## Exercise instructions
Copy out every line of the data exactly; do not include the images.

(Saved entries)
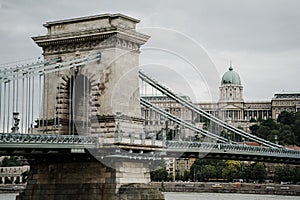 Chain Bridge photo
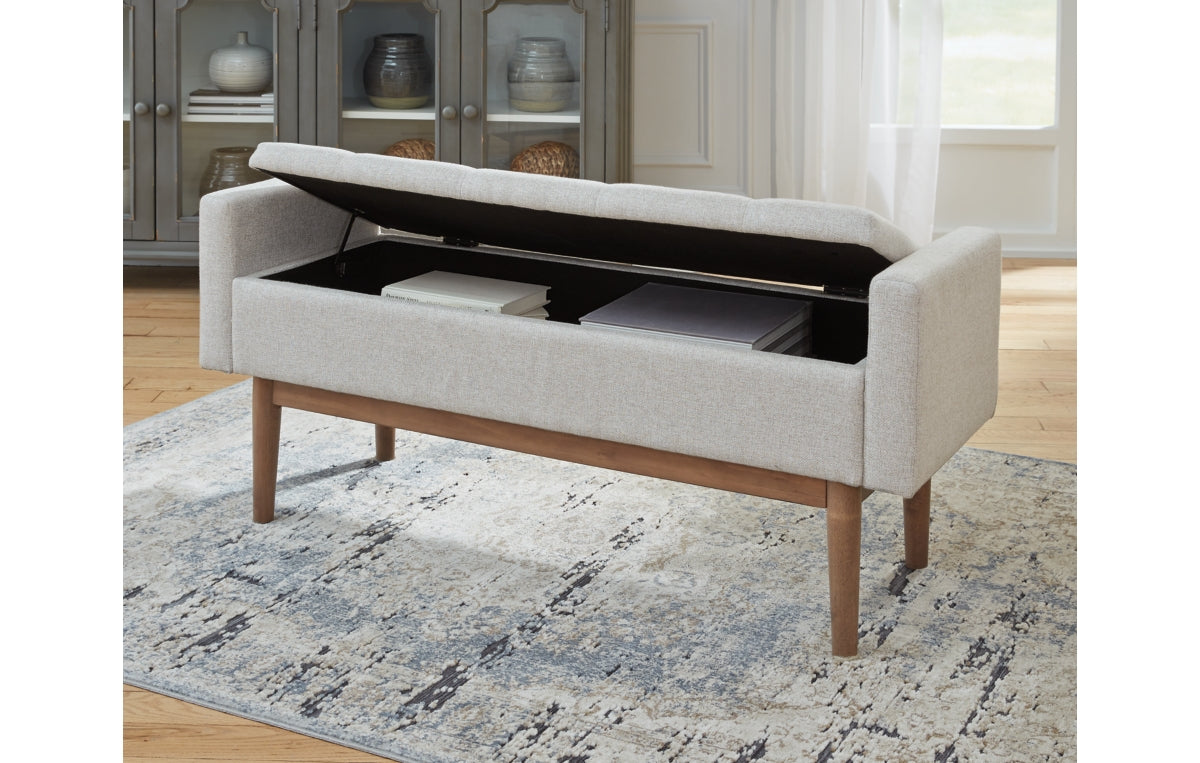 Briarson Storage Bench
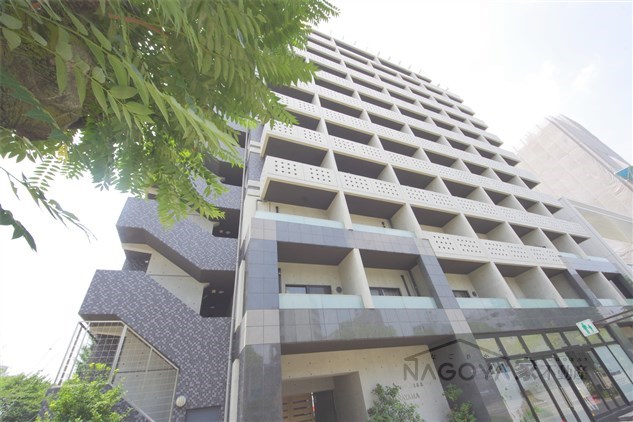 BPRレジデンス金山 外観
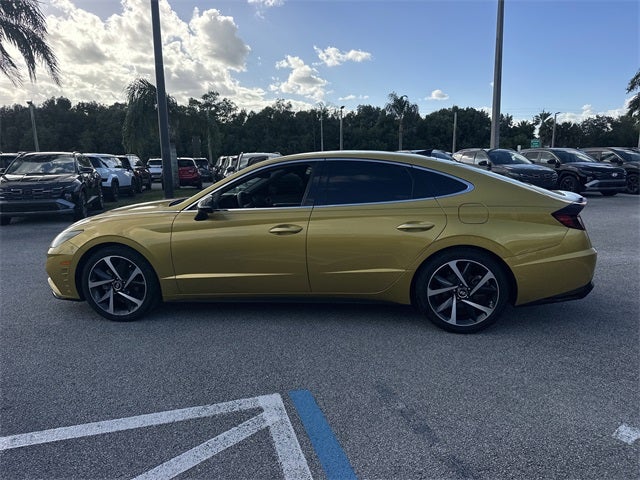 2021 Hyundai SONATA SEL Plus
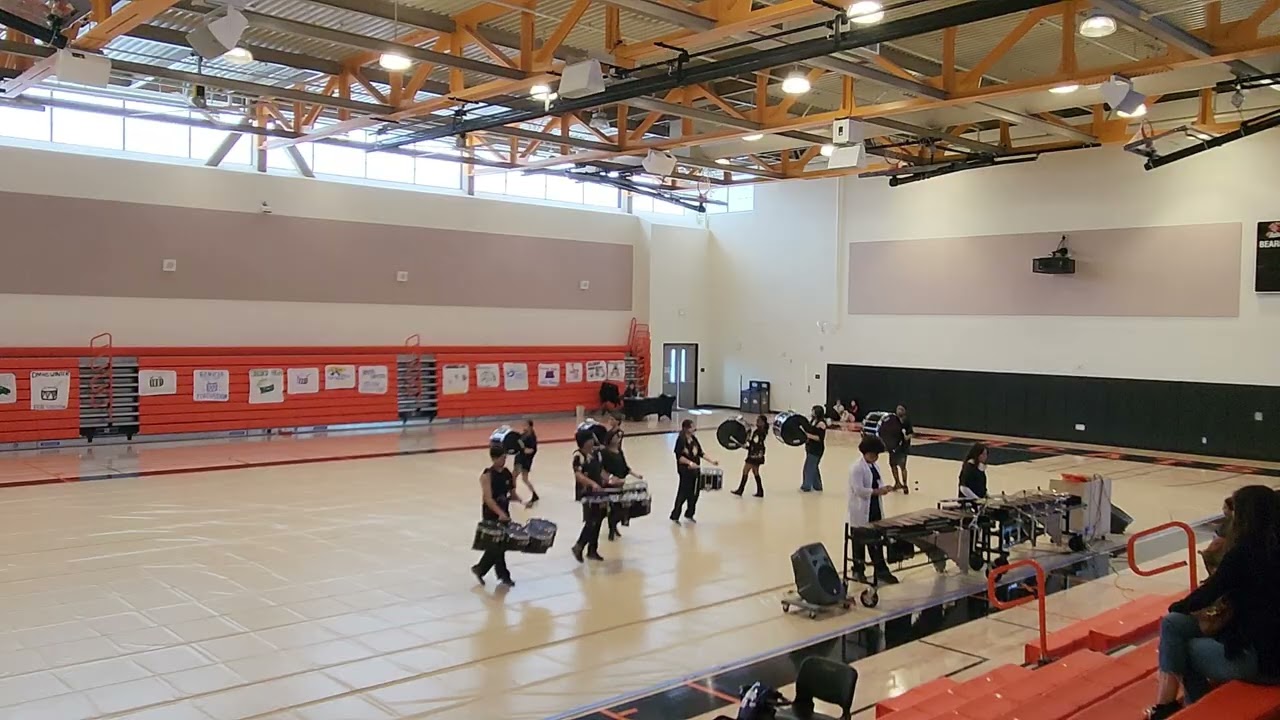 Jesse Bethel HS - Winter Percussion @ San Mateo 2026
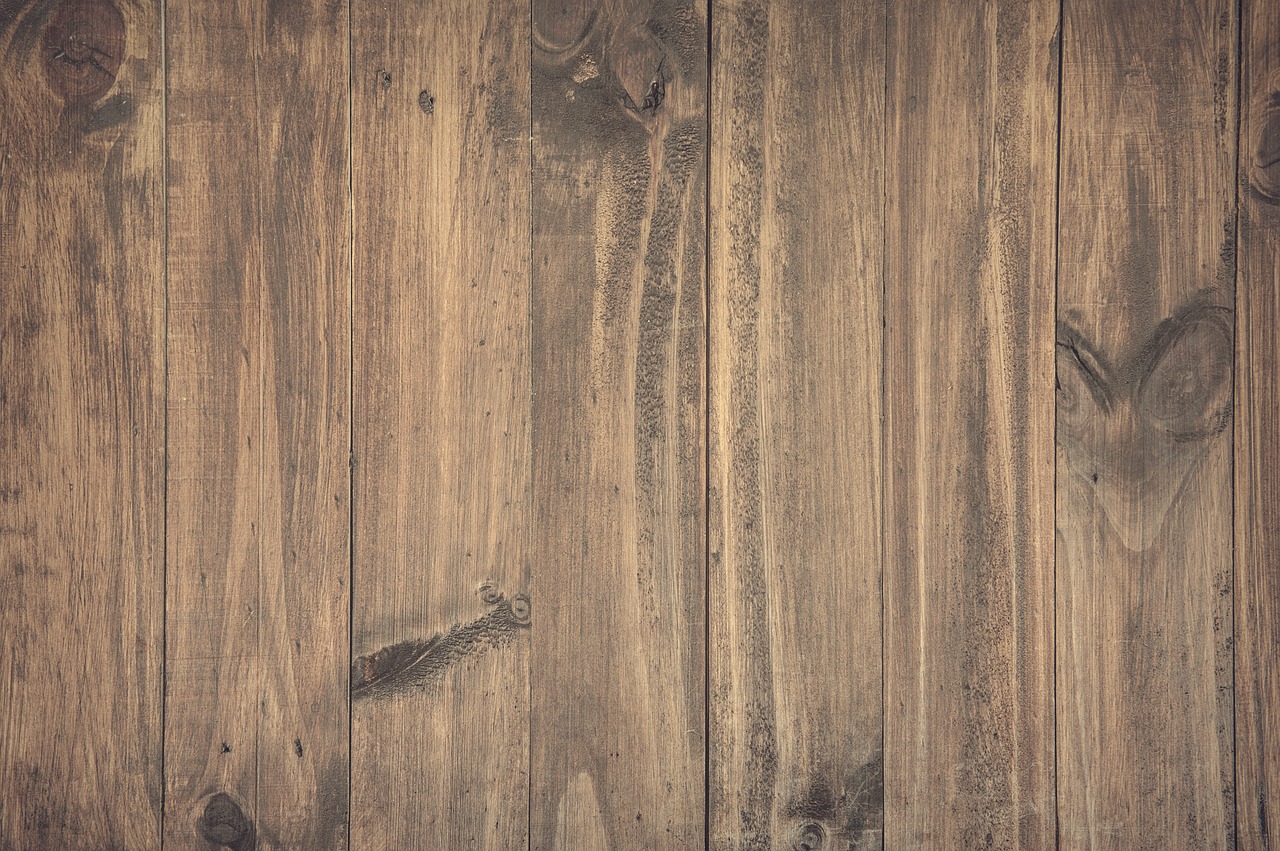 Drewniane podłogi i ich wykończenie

## Written solution
 Chain Bridge photo
 Briarson Storage Bench
 BPRレジデンス金山 外観
 2021 Hyundai SONATA SEL Plus
 Jesse Bethel HS - Winter Percussion @ San Mateo 2026
 Drewniane podłogi i ich wykończenie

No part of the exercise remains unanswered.